**INPUT MATERIAL:**
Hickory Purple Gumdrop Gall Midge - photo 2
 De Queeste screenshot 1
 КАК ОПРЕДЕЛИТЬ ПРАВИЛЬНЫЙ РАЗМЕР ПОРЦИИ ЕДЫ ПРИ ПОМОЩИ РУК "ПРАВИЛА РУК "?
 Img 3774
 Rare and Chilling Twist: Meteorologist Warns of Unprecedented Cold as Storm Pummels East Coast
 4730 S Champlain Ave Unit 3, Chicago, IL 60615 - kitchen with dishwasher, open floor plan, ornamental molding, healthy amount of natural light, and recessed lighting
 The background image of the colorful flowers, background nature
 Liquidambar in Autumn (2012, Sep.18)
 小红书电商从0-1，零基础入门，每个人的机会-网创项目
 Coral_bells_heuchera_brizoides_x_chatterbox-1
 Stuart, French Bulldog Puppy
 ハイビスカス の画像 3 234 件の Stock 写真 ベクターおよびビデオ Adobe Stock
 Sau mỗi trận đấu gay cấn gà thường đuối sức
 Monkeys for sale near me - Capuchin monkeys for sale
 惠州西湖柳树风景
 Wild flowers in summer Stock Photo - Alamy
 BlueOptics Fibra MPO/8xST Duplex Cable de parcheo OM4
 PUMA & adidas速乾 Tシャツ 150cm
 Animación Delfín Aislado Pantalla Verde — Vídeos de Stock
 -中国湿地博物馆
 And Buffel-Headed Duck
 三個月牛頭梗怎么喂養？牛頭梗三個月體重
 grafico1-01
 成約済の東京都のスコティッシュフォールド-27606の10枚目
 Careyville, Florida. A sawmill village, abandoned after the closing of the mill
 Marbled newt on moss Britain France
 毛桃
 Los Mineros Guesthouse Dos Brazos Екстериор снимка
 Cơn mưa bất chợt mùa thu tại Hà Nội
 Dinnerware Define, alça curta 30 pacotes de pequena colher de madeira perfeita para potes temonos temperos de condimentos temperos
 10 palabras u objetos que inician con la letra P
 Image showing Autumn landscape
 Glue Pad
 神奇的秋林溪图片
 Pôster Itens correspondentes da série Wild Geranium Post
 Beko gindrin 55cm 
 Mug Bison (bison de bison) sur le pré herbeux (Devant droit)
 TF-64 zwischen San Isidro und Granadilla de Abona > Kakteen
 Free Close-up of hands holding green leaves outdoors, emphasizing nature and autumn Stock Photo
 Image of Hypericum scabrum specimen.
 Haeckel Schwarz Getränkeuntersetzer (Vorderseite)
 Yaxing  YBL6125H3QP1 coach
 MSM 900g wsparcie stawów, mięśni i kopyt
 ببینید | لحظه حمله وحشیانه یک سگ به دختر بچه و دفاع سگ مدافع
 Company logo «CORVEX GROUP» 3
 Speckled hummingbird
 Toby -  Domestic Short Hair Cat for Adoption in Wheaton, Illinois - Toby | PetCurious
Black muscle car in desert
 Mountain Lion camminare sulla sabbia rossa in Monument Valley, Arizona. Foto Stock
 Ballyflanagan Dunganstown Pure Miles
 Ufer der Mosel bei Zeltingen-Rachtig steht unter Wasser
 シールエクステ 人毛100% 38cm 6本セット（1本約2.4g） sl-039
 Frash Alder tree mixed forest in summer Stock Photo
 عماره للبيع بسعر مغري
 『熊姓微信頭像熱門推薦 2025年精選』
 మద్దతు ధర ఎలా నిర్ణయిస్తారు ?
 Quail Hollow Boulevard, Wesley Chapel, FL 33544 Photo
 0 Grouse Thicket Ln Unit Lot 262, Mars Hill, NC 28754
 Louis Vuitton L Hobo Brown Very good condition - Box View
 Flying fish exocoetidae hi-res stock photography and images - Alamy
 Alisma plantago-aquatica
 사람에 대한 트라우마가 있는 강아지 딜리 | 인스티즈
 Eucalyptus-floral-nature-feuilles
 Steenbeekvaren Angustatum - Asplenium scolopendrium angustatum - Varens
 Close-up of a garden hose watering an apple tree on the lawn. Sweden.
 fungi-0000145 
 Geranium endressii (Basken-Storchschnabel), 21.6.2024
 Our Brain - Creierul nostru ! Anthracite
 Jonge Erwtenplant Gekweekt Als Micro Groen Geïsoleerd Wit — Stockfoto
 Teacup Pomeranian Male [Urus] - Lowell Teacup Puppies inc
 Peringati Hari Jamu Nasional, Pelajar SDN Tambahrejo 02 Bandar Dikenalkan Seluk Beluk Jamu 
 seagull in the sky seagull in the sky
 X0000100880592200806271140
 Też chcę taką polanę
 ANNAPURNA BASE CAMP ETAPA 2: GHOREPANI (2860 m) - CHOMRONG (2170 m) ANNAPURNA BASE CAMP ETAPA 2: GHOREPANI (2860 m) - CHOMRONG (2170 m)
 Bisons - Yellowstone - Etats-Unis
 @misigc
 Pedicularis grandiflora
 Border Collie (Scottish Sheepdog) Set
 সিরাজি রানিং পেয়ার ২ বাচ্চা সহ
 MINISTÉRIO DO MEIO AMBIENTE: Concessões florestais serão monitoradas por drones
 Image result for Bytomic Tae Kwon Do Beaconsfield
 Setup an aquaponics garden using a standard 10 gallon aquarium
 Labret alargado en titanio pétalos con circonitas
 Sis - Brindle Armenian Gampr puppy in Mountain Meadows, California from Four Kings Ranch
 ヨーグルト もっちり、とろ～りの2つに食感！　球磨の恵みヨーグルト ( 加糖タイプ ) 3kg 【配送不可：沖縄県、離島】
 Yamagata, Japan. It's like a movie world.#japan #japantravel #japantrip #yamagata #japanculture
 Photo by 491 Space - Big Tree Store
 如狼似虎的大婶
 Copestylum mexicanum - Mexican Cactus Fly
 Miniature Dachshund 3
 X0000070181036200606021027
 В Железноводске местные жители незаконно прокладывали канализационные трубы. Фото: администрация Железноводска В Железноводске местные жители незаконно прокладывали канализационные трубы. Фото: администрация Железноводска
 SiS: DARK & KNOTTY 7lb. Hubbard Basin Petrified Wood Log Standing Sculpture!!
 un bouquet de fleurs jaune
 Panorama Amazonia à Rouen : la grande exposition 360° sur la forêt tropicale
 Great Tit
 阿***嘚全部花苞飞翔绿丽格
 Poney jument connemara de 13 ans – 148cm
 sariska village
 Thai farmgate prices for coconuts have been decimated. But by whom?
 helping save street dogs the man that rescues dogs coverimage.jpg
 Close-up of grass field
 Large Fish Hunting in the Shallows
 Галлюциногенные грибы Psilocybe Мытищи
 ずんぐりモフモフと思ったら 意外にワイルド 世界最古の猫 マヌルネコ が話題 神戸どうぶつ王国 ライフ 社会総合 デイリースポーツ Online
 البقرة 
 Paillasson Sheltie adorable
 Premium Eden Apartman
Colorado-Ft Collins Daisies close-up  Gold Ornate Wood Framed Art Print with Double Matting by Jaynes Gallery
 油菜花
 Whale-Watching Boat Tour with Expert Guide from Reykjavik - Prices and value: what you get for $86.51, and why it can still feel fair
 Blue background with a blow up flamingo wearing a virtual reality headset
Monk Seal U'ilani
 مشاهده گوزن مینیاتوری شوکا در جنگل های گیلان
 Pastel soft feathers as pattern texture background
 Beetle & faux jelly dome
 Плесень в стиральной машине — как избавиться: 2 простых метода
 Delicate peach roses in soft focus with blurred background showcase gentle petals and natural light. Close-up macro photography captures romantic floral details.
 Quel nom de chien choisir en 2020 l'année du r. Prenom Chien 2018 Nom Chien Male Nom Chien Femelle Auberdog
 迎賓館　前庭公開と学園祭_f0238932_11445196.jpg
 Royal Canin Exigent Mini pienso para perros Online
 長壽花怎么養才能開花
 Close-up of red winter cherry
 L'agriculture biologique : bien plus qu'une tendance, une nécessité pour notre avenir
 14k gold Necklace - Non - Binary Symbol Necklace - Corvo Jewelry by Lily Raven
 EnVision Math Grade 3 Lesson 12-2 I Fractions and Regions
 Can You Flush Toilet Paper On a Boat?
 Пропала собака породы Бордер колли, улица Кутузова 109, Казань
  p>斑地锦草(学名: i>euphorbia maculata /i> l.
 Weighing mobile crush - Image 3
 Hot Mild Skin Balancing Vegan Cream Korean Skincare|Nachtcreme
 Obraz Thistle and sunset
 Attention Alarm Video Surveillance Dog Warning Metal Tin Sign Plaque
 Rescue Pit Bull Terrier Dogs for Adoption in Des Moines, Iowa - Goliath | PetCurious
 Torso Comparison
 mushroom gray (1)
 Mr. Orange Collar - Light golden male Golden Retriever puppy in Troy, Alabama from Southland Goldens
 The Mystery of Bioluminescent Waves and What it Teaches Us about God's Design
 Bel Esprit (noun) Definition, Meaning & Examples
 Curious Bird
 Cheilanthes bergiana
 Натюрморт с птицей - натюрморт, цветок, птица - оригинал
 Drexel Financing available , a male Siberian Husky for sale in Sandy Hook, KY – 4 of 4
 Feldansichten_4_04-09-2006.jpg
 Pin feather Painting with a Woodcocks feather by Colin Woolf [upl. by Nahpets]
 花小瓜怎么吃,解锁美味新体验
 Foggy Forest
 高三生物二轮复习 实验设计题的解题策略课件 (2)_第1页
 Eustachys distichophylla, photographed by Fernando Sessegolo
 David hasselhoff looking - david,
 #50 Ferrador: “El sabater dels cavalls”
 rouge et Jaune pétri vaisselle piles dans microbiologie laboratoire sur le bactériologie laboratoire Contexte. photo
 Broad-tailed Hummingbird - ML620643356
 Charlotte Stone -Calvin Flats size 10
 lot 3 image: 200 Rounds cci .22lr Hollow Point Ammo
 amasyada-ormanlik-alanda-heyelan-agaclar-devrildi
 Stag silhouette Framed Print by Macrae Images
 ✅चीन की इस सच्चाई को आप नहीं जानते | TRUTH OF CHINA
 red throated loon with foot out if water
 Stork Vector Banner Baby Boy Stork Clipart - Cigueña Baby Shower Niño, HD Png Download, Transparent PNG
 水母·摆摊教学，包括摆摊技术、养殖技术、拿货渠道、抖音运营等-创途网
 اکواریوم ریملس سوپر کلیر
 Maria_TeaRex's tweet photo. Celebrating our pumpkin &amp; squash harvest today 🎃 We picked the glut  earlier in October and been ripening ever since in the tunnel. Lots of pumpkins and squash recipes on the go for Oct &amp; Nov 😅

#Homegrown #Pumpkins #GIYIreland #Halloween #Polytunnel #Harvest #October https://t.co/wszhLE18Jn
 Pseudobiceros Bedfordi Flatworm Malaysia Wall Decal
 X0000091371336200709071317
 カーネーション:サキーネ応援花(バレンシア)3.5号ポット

**WORK ITEM:** Print exactly the lines above, between the one holding "Colorado-Ft Collins Daisies" and the one holding "Whale-Watching Boat Tour", inclusive, and nothing besides.

**ANSWER SECTION:**
Colorado-Ft Collins Daisies close-up  Gold Ornate Wood Framed Art Print with Double Matting by Jaynes Gallery
 油菜花
 Whale-Watching Boat Tour with Expert Guide from Reykjavik - Prices and value: what you get for $86.51, and why it can still feel fair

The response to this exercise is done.